‘Standardized, Apolitical, Sun-Baked’: Boston Paper on City Pages’ New Owner
Thursday, March 01, 2007 at 12:14 pm
When the merger of the Village Voice and New Times, a chain of alternative weeklies based in Arizona, was announced in late 2005, it set off big changes at Voice-owned papers across the country. At the New York flagship itself, some of its best known names were let go, including political writer James Ridgeway and Robert Christgau, the music critic who founded the paper’s 34-year institution, the Pazz & Jop poll. Locally, it has meant the departures of City Pages’ editor Steve Perry, columnist Jim Walsh and reporter Britt Robson. In a story published Wednesday, the Boston alternative weekly The Phoenix wrote that’s all part of New Times’ plan. In the article, Adam Reilly wrote of the merger and its aftermath, asserting that it’s well known that the company’s management is working to get its newly acquired papers to toe a line that matches their “standardized, apolitical, Sun-baked vision” of what alternative journalism should be.
But what’s striking, he wrote, “is how quickly and decisively defenders of the old left-leaning decentralized VVM ethos have been routed.” While Perry wouldn’t comment for the piece, Britt Robson did, extensively. He said he has nothing against new editor Kevin Hoffman, who, at 30 years of age, has far less experience in both journalism and the Twin Cities than much of the paper’s editorial staff, than with the philosophy his hiring exposes. His beef is with the fact that a manager based in Denver picked a guy in Cleveland to run a paper that provides a vital news service to Minneapolis and St. Paul.

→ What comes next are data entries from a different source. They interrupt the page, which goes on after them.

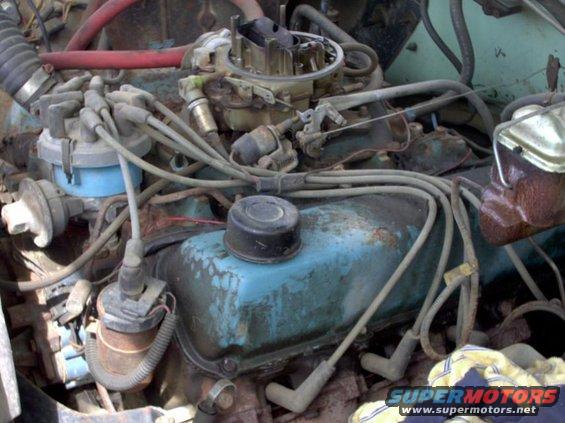 Engine bay with carburetor and distributor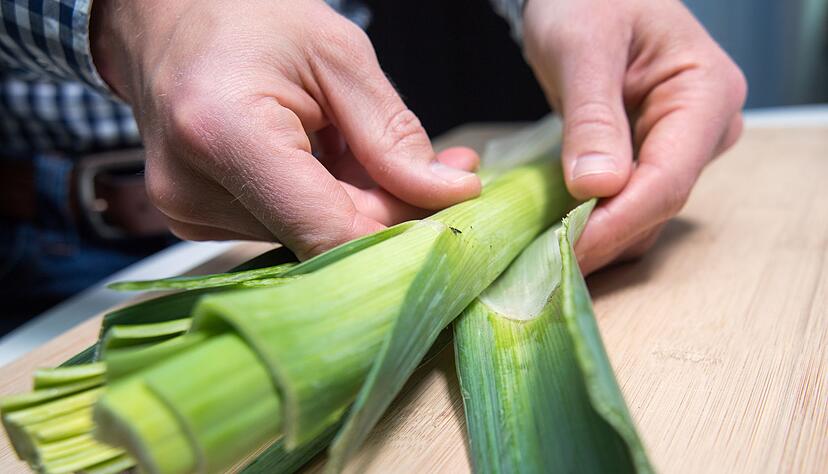 Profi-Tipp: Nachdem die &auml;u&szlig;eren Bl&auml;tter entfernt wurden, schneidet man die Lauchstangen l&auml;ngs ein und reinigt sie unter flie&szlig;endem Wasser.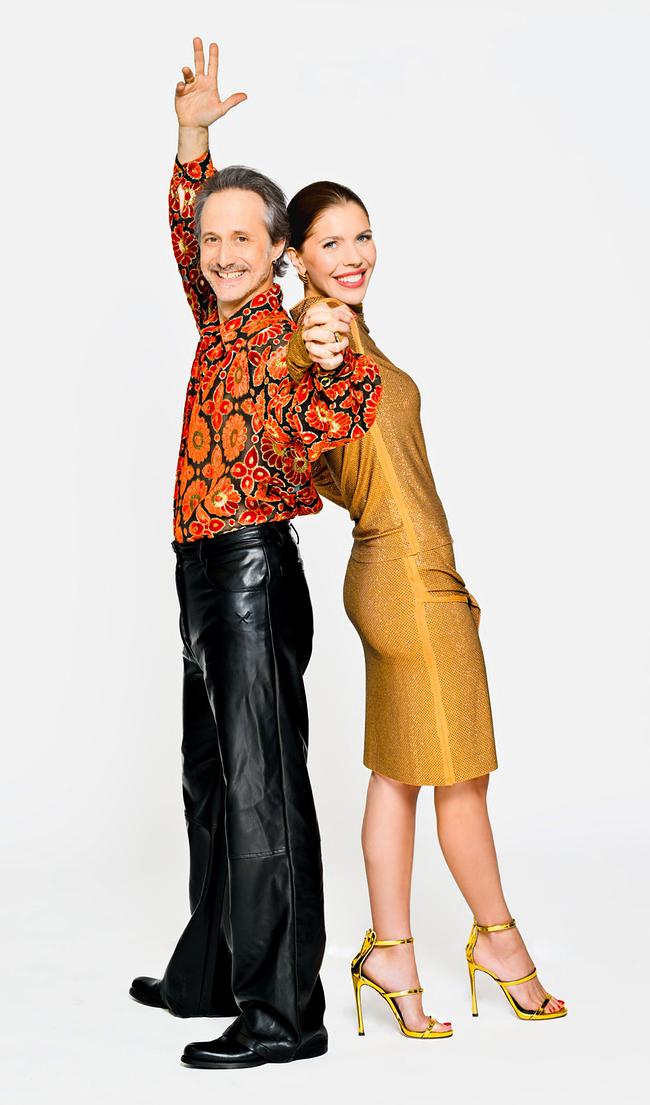 Victoria Swarovski und Michael Ostrowski stehen Rücken an Rücken; Ostrowski trägt ein buntes, retro-blumiges Hemd und schwarze Lederhosen, Swarovski ein goldenes Kleid mit gelben High Heels.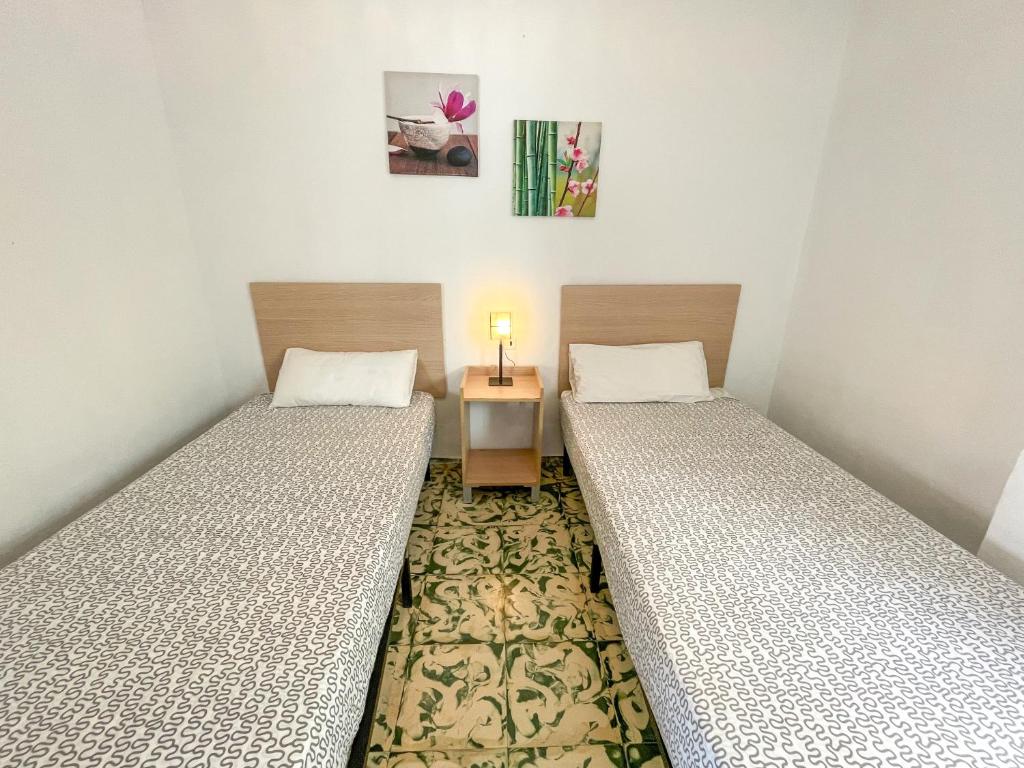 Postel nebo postele na pokoji v ubytování Apartamentos Gandia-Daimuz 3000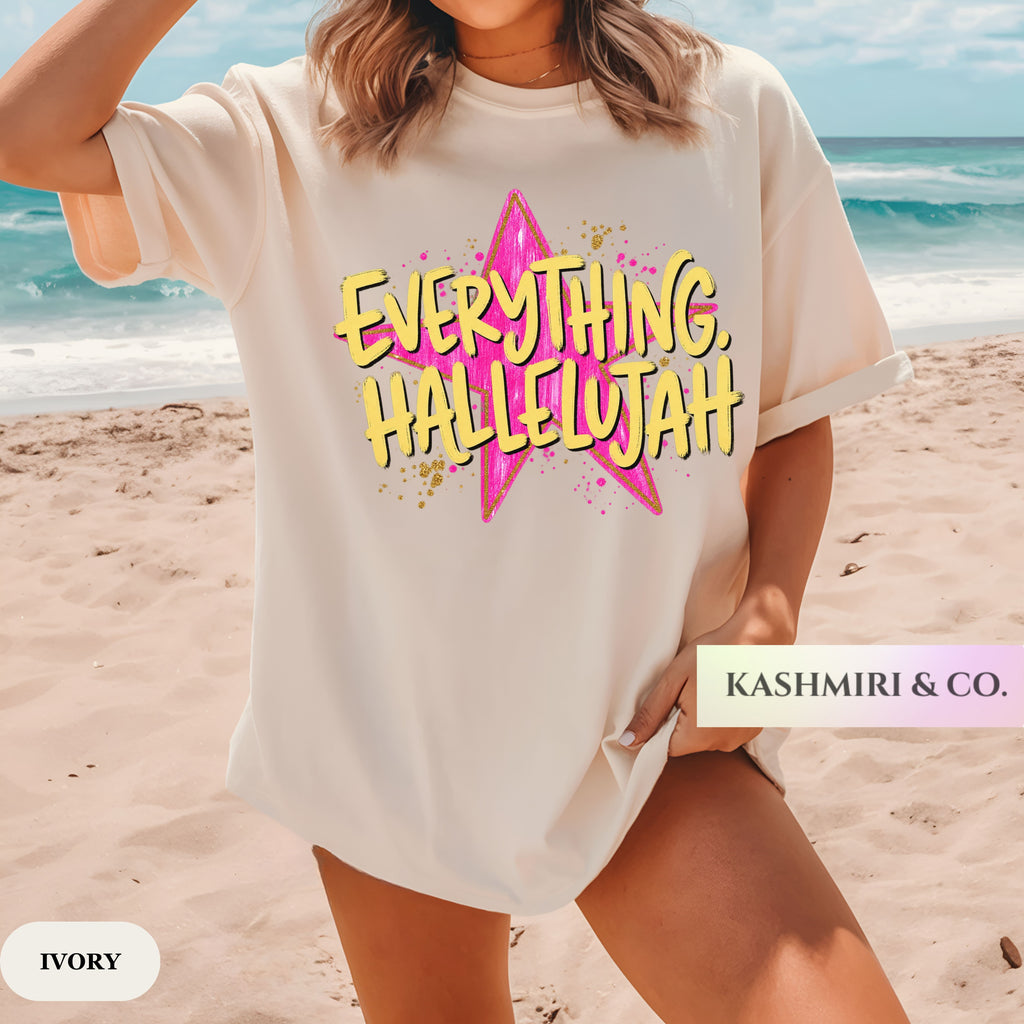 A woman wearing an oversized ivory graphic t-shirt with a pink star and yellow text reading 'EVERYTHING, HALLELUJAH' on a sandy beach with the ocean in the background. A brand label 'KASHMIRI & CO.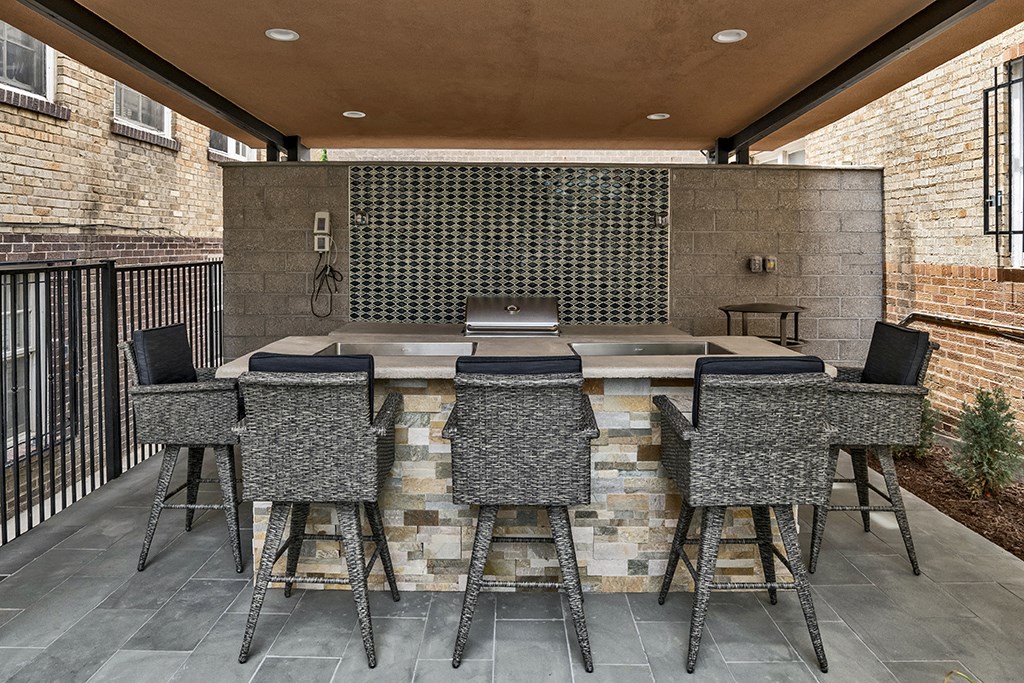 a large outdoor patio with a bar and seating area with stools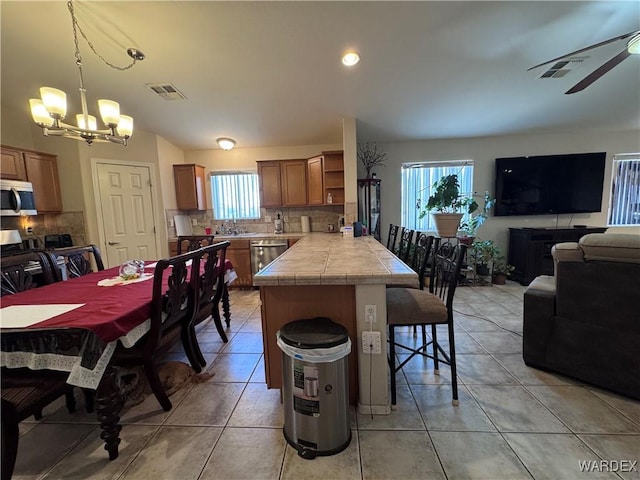 1481 E Topaz Cir Unit 2, Fort Mohave, AZ 86426 - dining space with ceiling fan with notable chandelier, light tile patterned floors, and visible vents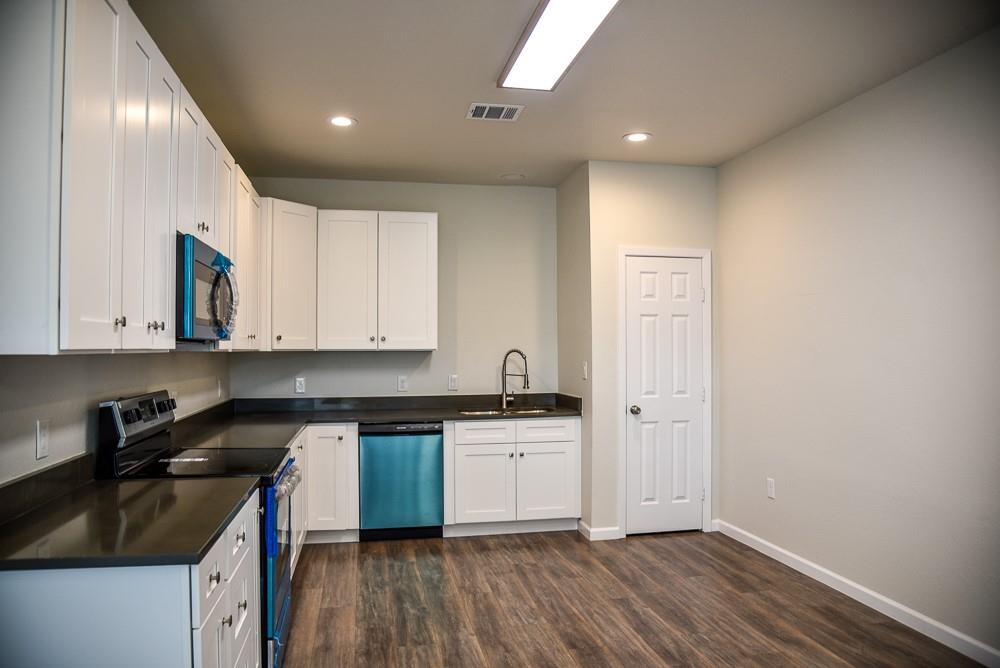 1602 North Mcdonald Avenue Decatur, TX 76234 - Photo 5 of 13 a kitchen with granite countertop a sink a stove and cabinets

When New Times’ Andy Van De Voorde introduced Hoffman to the employees who had no advance knowledge of his hiring, recalled Robson, “he did it by saying, ‘This guy was kicking our ass for the competition, so we figured it was a good idea to hire him to go kick other people’s asses.’ That’s emblematic of how they do things. It’s this kind of cheapskate-tough-guy swagger.”
Whether Robson’s fears — or the predictions that City Pages, like other New Times papers, will be defanged of its political bite — come to pass will be discovered slowly as each Hoffman-edited issue comes off the printing press.